G. L. c. 41 §81L. In Bloom v. Planning Board of Brookline, 346 Mass. 278 (1963), the dispute involved a division of land into two parcels, one being much larger than the other. The Court made clear that “lot” for purposes of the definition of the word “subdivision” referred to in G. L. c. 41, § 81L means “an area, used or available for use, as the site of one or more buildings,” the definition set forth in the statute. Here, the Board argues the that the operative definition of “lot” is the Chilmark Zoning by-law, which, it argues, is not inconsistent with the purpose of the subdivision control law.

This court need not inquire as to the consistency of the Chilmark by-laws definition with the purpose of the subdivision control law because under Bloom, the definition of “lot” set forth in the subdivision control law controls this court’s inquiry. Therefore, the fact that the Chilmark Zoning by-laws may permit certain “uses” on Locus does not transform lots 1 and 2 on the Plan into “lots” under the subdivision control law because the lots not “used, or available for use, as the site of one or more buildings.” They are not so available for such use because the Plan on its face, provides that they are not buildable lots. It is the fact that the lots shown on the Plan are not buildable that compels the conclusion that the Plan does not show a subdivision. It therefore should be endorsed with an ANR Endorsement.

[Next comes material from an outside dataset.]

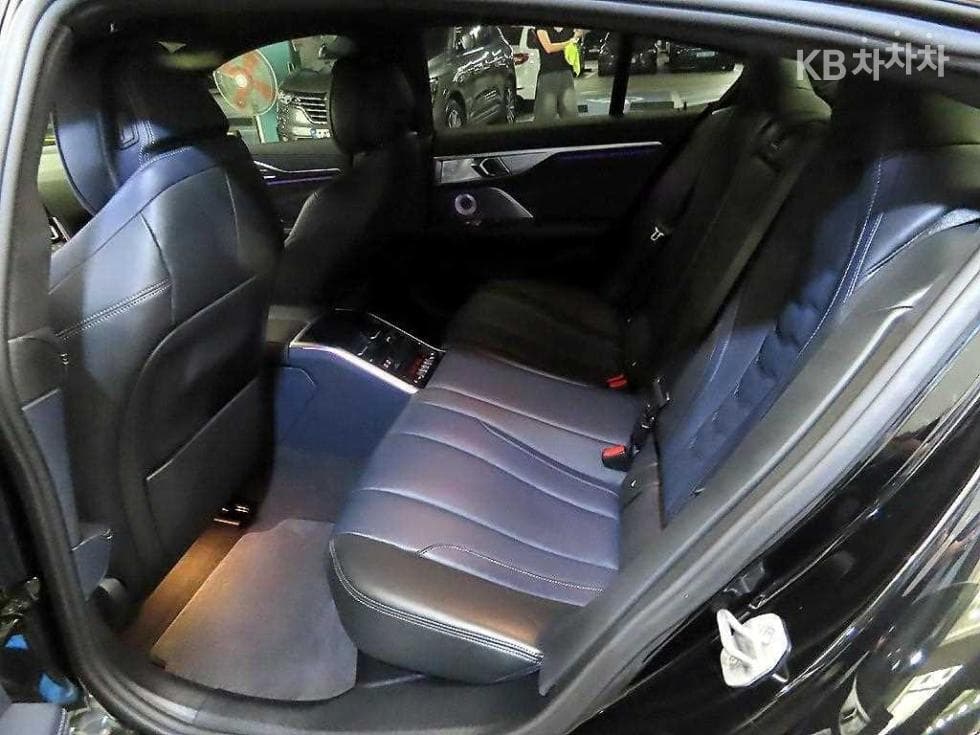 BMW 8시리즈 (G15)M850i xDrive Gran Coupe Стандартен - 7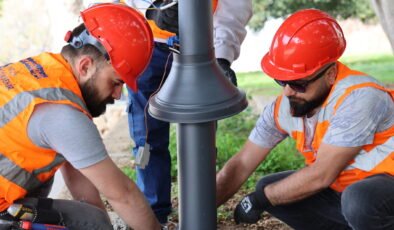 Büyükşehir Atatürk Parkı’nın Işıklandırmalarını Yeniledi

In Cricones v. Planning Board of Dracut, 39 Mass. App. Ct. 264 , 265 (1995), the plaintiff wished to divide a parcel into three lots, of which two were labeled non-buildable. The Appeals Court upheld the trial court’s reversal of the planning board’s denial of an ANR endorsement. Id. at 269. Consistent with Bloom, the Appeals Court reasoned that since the proposed division of the parcel did not show the division of land into two or more lots, the plan did not show a subdivision and therefore the board was required to give its endorsement. Id. at 267. Just as in Cricones, the Plan in this case clearly states that both Lot 1 and Lot 2 are non-buildable. The Board argues, pursuant to the definition of “subdivision” under G. L. c. 41, § 81L, that in order to qualify for ANR Endorsement all lots shown must have frontage on a way. As was discussed by the Court in Cricones, concerns regarding the adequacy or existence of frontage come secondary to a planning board’s threshold determination as to whether the plan shows a subdivision. Id. Since under the facts presented here, the face of the Plan clearly states that Lot 1 and Lot 2 are non-buildable lots, concerns about adequacy of frontage should not factor into the Board’s decision.

Restrictions On Deed

As stated above, when acting under §81P, a planning board’s judgment is confined to determining whether a plan shows a subdivision. Smalley 10 Mass. App. Ct. at 604. In Smalley, the Court ruled that the Harwich Planning Board was not authorized to use potential zoning complications as a basis for denial of an ANR endorsement. Id. In this case, the Board contends that they properly relied upon Plaintiff’s 1988 Declaration as a reason for denial of the ANR Endorsement. This court finds the ruling in Smalley instructive to the facts in this case. It was not within the Board’s authority to consider whether Plaintiff had an enforceable agreement with the Board of Assessors that prevents him from dividing Locus into two parcels or lots. The Board’s inquiry is limited to what is shown on the Plan. If the Assessors, or any other parties think they have enforceable rights against Plaintiff, they may seek to enforce those rights, but the Board has no standing to do so in the context of a request for an ANR Endorsement.

Plaintiff’s motion for summary judgment is granted, and Defendants’ motion is denied. Judgment to issue accordingly.

Karyn F. Scheier

Chief Justice

Dated: July 11, 2008


FOOTNOTES

[Note 1] Both parties agreed to many undisputed facts regarding this case which are not included, as this court has set forth only the undisputed facts that this court finds material to the decision.

[Note 2] Plaintiff has also named the Planning Board of the Town of Chilmark.